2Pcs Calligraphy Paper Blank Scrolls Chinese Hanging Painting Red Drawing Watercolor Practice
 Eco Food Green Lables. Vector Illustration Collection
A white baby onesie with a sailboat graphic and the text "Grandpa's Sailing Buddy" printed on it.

What you will do: Your response should consist of the listing, reproduced exactly.

Finished exercise:
2Pcs Calligraphy Paper Blank Scrolls Chinese Hanging Painting Red Drawing Watercolor Practice
 Eco Food Green Lables. Vector Illustration Collection
A white baby onesie with a sailboat graphic and the text "Grandpa's Sailing Buddy" printed on it.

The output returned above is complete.